2. AI and Machine Learning

  • AI and machine learning have become crucial elements to security when it comes to secure payments. With the amount of data transactions and payment data exchanges that are carried out each day, more players in the financial services industry have started to implement this leading technology.
  • The Global Machine Learning Market is expected to reach $12.3 billion by 2026. Based on data from McKinsey, the payments providers industry can utilize machine learning to increase revenue from existing customers by up to 15%.
  • Companies are leveraging machine learning for tasks such as enhancing payment optimization and providing fraud protection. For example, PayPal is using machine learning to improve fraud detection and risk management operations. Vendors include Kount, Feedzai, Pelican, and Forter.

3. Mobile Wallets

  • Mobile wallets encompass various components that are integrated to create a smooth, cashless payment service. Around 2.1 billion customers are using mobile wallets as of 2019. This number is expected to increase in the coming years.
  • According to market report coverage, the mobile wallet market is forecast to reach $270 billion by 2025.
  • Companies like Apple, Google, and Samsung have implemented their own mobile wallets. As the popularity of mobile wallets expands, more companies are expected to create their own brand-specific wallet.
  • Other companies, like Paysera, offer a mobile wallet system that provides payment services for businesses and individual consumers. Paysera helps streamline payment processes for e-commerce companies with payment services and affordable currency conversion.
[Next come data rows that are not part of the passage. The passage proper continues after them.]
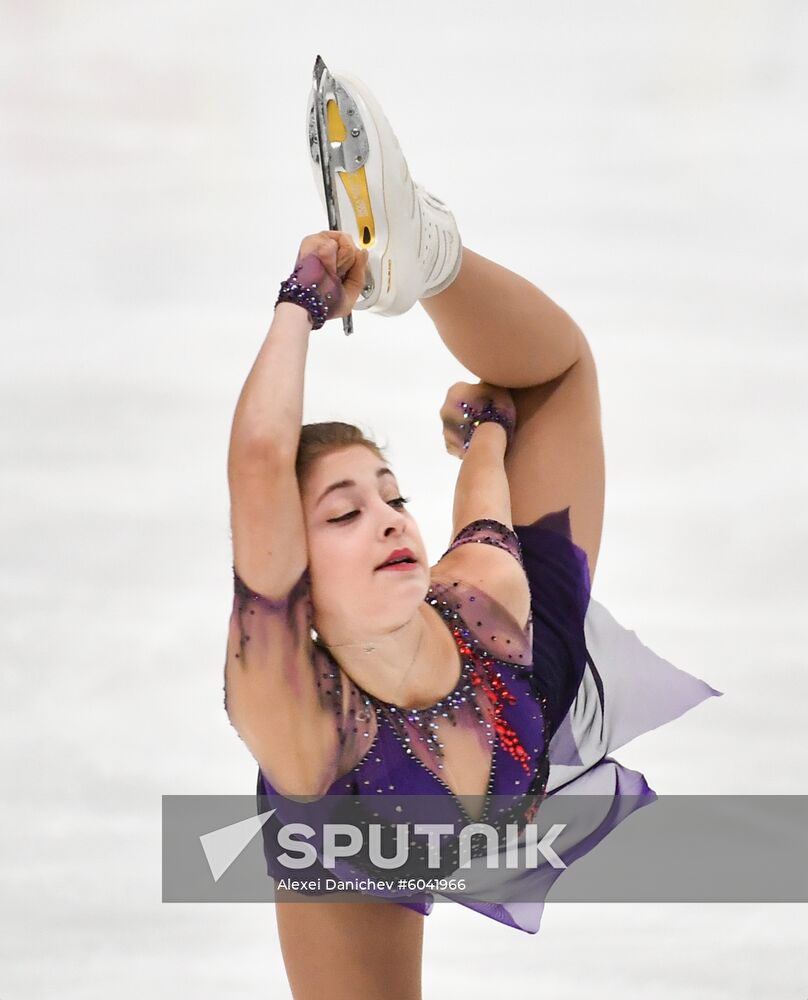 Finland Figure Skating Trophy Women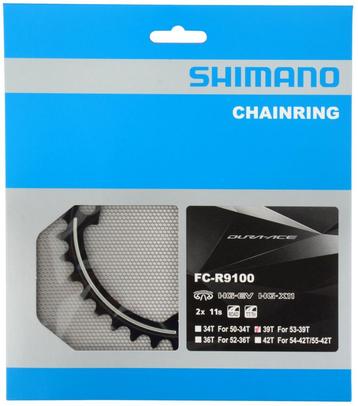  DURA ACE Chainring for FC-R9100 39T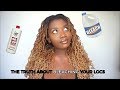 THE TRUTH ABOUT BLEACHING LOCS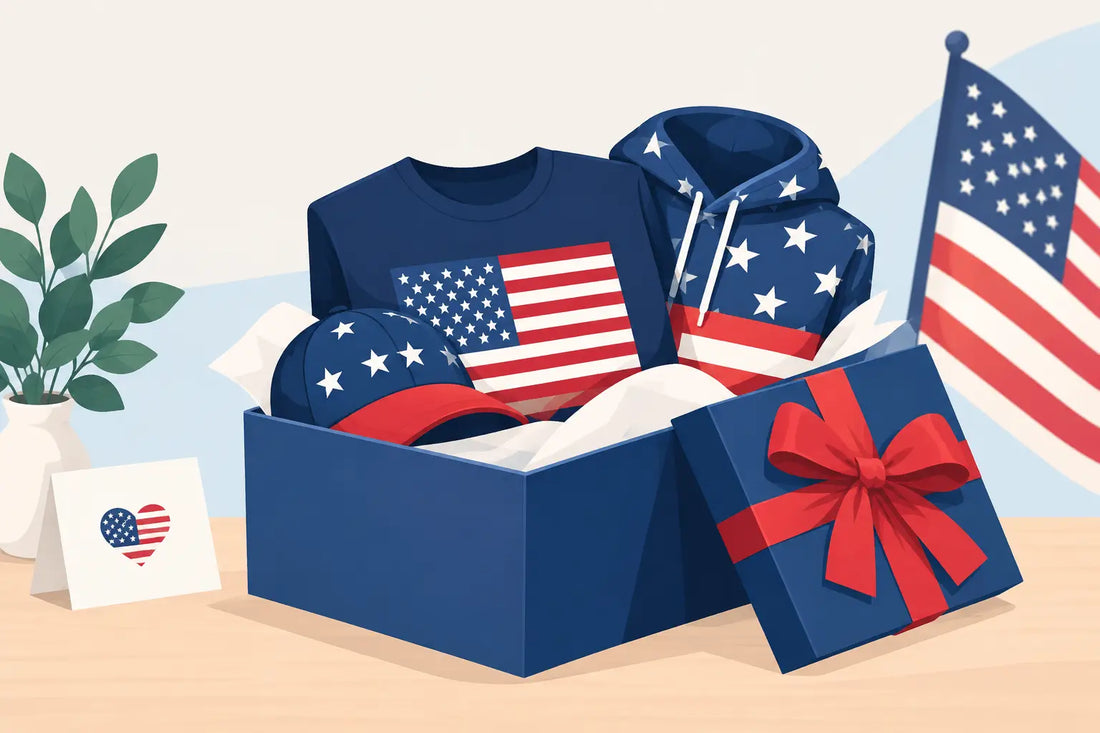 How to Gift Patriotic Clothing With Real Pride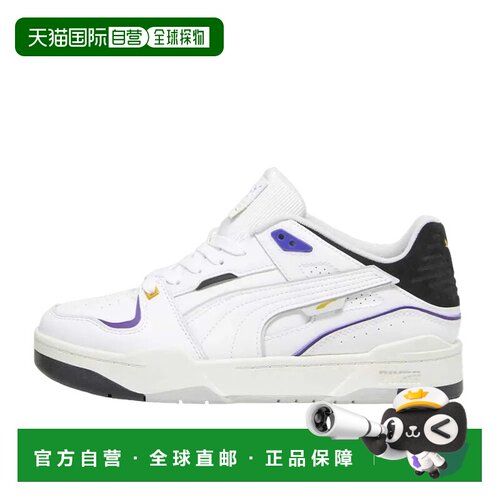 日本直邮PUMA彪马 Slipstream Bball 皮革 舒适 耐磨 低帮 板鞋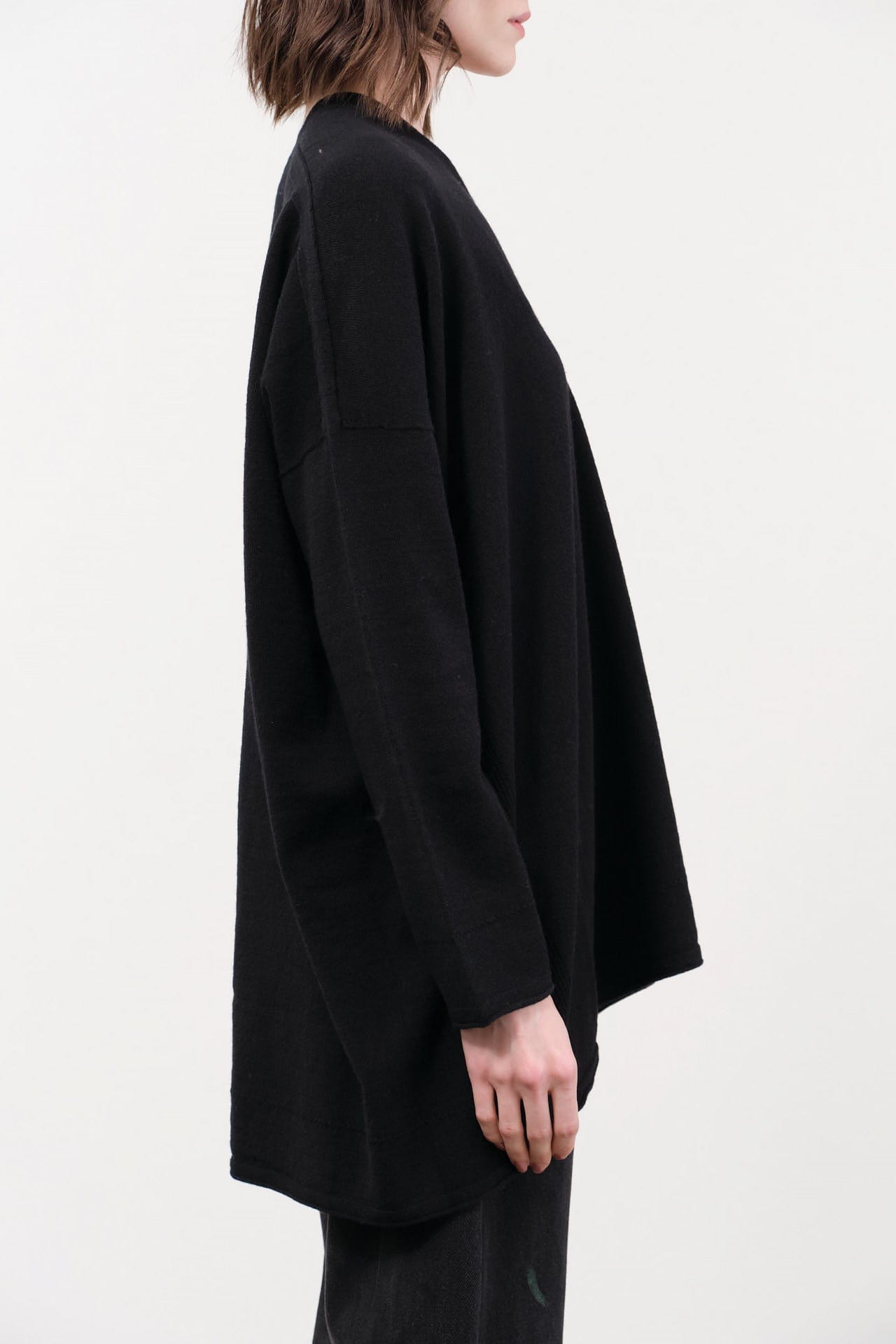 Pas de Calais Apparel Womens Sweaters Airy Wool Tunic Pullover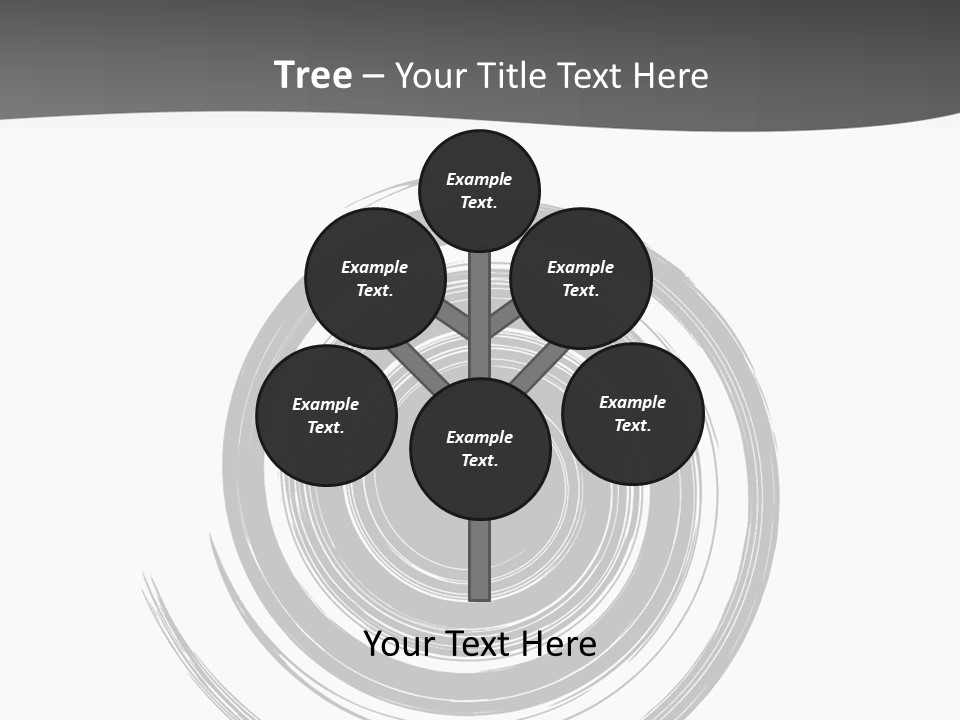 Grey Big Metropolis PowerPoint Template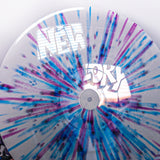 new found glory Forever And Ever X Infinity And Beyond!!! White Purple and Blue Splatter 2x LP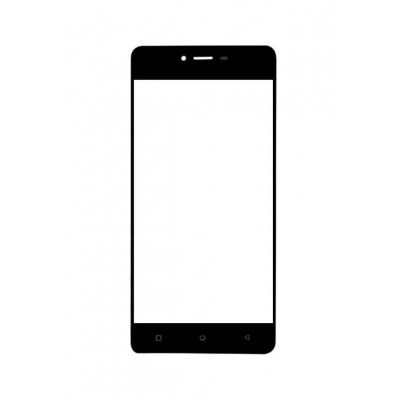 Front Glass for Gionee F103 Pro - Black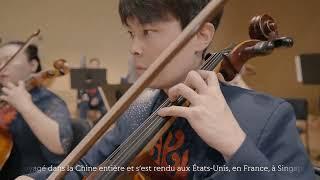 Musique orchestrale traditionnelle:"Ma patrie et moi"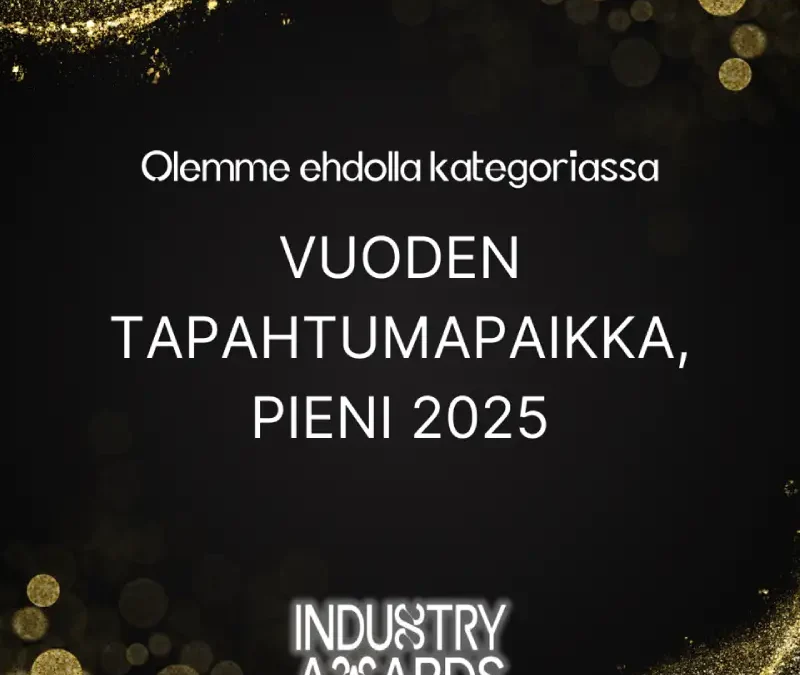 Krapin Paja Music X Median Industry Awards -ehdokkaaksi jo kuudetta kertaa!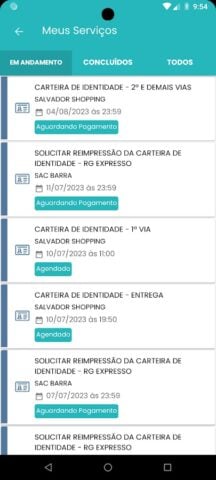 Android 版 ba.gov.br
Leading Technologies: International Money Transfers

Blockchain/cryptocurrencies and mobile money are two of the leading technologies for 2020 in terms of international money transfers. Blockchain is set to positively impact the time, cost, and risk associated with international money transfers. Mobile money is providing greater access to international money transfers as a result of the explosive growth of internet-enabled smart devices around the world.

1. Blockchain/Cryptocurrencies

  • Based on an IBM survey of 200 banks in 16 countries, blockchain will positively impact the three critical elements related to international payments: time, cost and risk.
  • Cryptocurrency-based payment methods grew in South America, Africa, Venezuela, Argentina, and Brazil.
  • Other developing countries will likely follow suit in the trend towards blockchain.
  • If traditional money transfer providers can’t keep up, then cryptocurrencies will become permanent key players.

2. Mobile Money Transfers

  • Thanks to the huge growth of internet-enabled smart devices, an international money transfer can be made from a mobile phone or tablet at any time from anywhere in the world.
  • This allows international money transfer providers to build networks in Africa, Asia, Europe and the Americas.
  • The growth of mobile wallets has also enabled this trend.
  • In 2020, Scotiabank has launched the “Scotia International Money Transfer” feature that allows customers to send money internationally using their mobile app.
  • Scotiabank called the feature a “critical need” for the millions of Canadians needing an easy way to send money abroad to the United States, China, India, and Europe.

Research Strategy

This research was completed by first analyzing news articles, publications, and trends in the international money transfer industry; starting from most recent going back to 2019. Through this method frequently mentioned technologies were identified and further investigated. Mobile money and blockchains came up repeatedly in these articles as among the fastest growing, so these two were selected.